Le financement de l'infrastructure
Le Conseil a introduit la possibilité de mettre en œuvre par des actes réglementaires, et non pas uniquement par contrat comme le propose la Commission, les mesures d'incitation qui sont destinées à encourager les gestionnaires de l'infrastructure à réduire les coûts de fourniture de l'infrastructure et le niveau des redevances d'accès.
Contrairement à la Commission et au Parlement européen, le Conseil estime que la stratégie de développement qui doit être publiée par les gestionnaires de l'infrastructure ne doit avoir qu'une valeur indicative et qu'il n'y a pas lieu d'introduire un délai fixe pour garantir l'équilibre des comptes des gestionnaires.
Le Conseil ne peut pas accepter les amendements du Parlement européen visant à prolonger la durée des stratégies de développement, à obliger les États membres à fournir un financement public et à réduire le délai pour ce qui est de garantir l'équilibre des comptes.
L'organisme de contrôle
D'une manière générale, le Conseil accepte de renforcer l'indépendance et d'étendre les compétences des organismes de contrôle, ainsi que de renforcer la coopération entre ceux-ci. Cependant, il a revu les exigences d'indépendance proposées pour le personnel des organismes et préservé les compétences des autorités nationales de concurrence ; il n'a pas accepté l'obligation faite aux gestionnaires de l'infrastructure de publier des comptes réglementaires détaillés. Le Conseil ne peut pas accepter les amendements du Parlement européen qui visent à étendre encore les compétences des organismes de contrôle et à mettre en place un réseau formel d'organismes de contrôle, et qui appellent à créer un organisme de contrôle européen.

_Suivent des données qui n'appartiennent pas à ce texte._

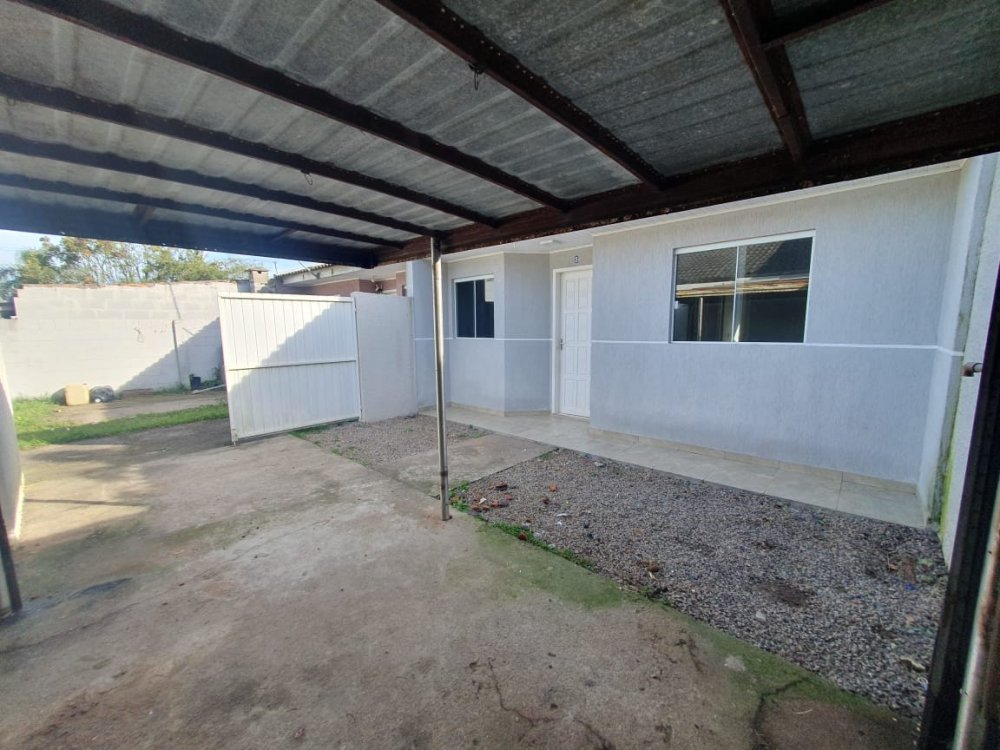 Casa - Venda - Planta Deodoro - Piraquara - PR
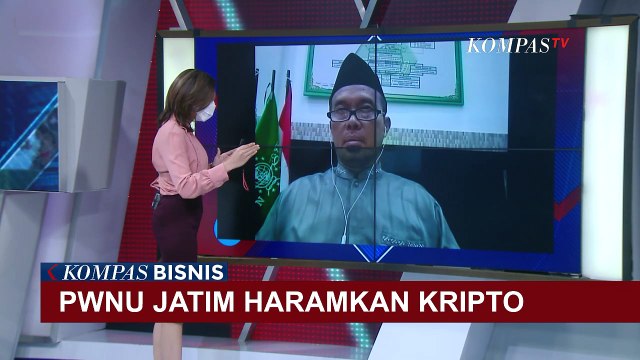 PWNU Jawa Timur Sebut Crypto Currency Haram Karena Ada Nilai Judi dan Tak Ada Wujud Fisik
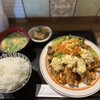 食堂スワロウ - 料理写真:チキン南蛮定食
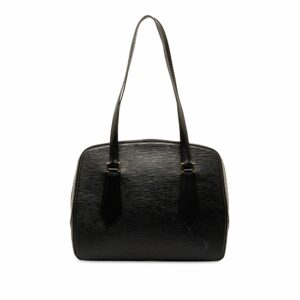 Black LV Epi Voltaire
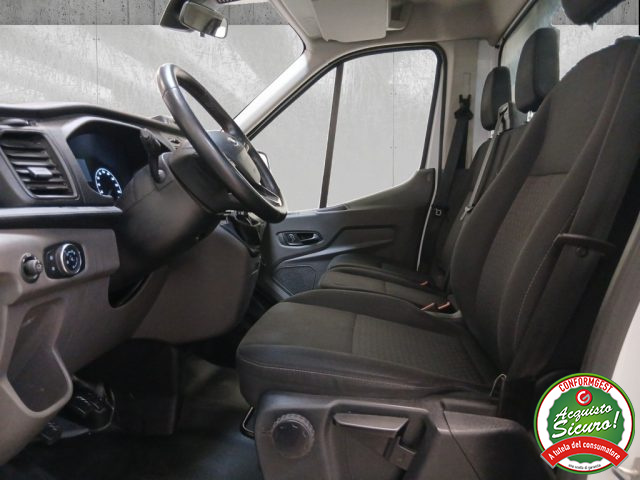 FORD Transit usata, con Bracciolo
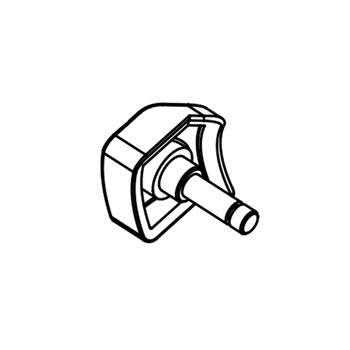 RYOBI/RIDGID 317831001 BUTTON SPINDLE LOCK (Original OEM part)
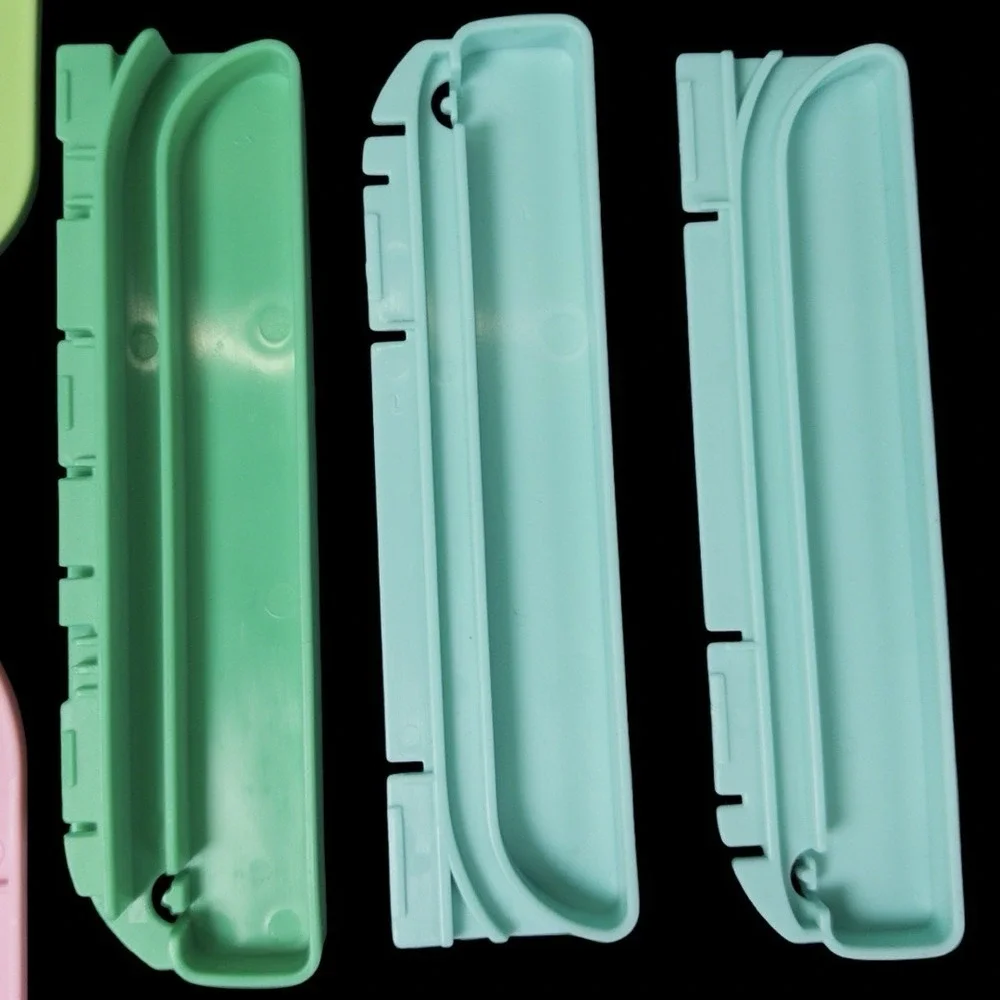 Gabby's Purrfect Dollhouse Room Ledges & Floor Attachment Replacements Lot of‎ 7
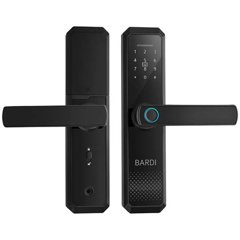 Fitur Unggulan Bardi Smart Door Lock untuk Keamanan Rumah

La séparation entre la gestion et l'utilisation de l'infrastructure
Tandis que le Parlement européen suggère d'introduire, en matière de séparation, des exigences spécifiques concernant les services des technologies de l'information et la politique du personnel et invite la Commission à présenter, d'ici 2012, une nouvelle proposition législative assurant une séparation totale entre les gestionnaires de l'infrastructure et les entreprises ferroviaires, le Conseil n'est pas favorable à l'introduction d'exigences supplémentaires en la matière et estime que la question d'une séparation totale ne devrait pas être abordée dans le cadre de la présente directive.
S'agissant de l'adoption des modalités de mise en œuvre, le Conseil a limité les parties de la proposition pour lesquelles la Commission devrait être habilitée à agir de manière autonome par des actes délégués. Par ailleurs, pour certaines parties du texte, le Conseil a introduit la procédure des "actes d'exécution" associant des experts des États membres et de la Commission. Le Parlement européen souhaite aussi limiter le recours aux actes délégués, mais il s'oppose au recours aux actes d'exécution.
En outre, le Conseil n'a pas pris en considération les amendements du Parlement européen qui conduiraient à introduire des modifications de fond dans des dispositions du paquet ferroviaire qui, dans la proposition de refonte de la Commission, restent inchangées ; de tels amendements ne respectent pas les limites de la refonte juridique qui ont été définies par un accord interinstitutionnel.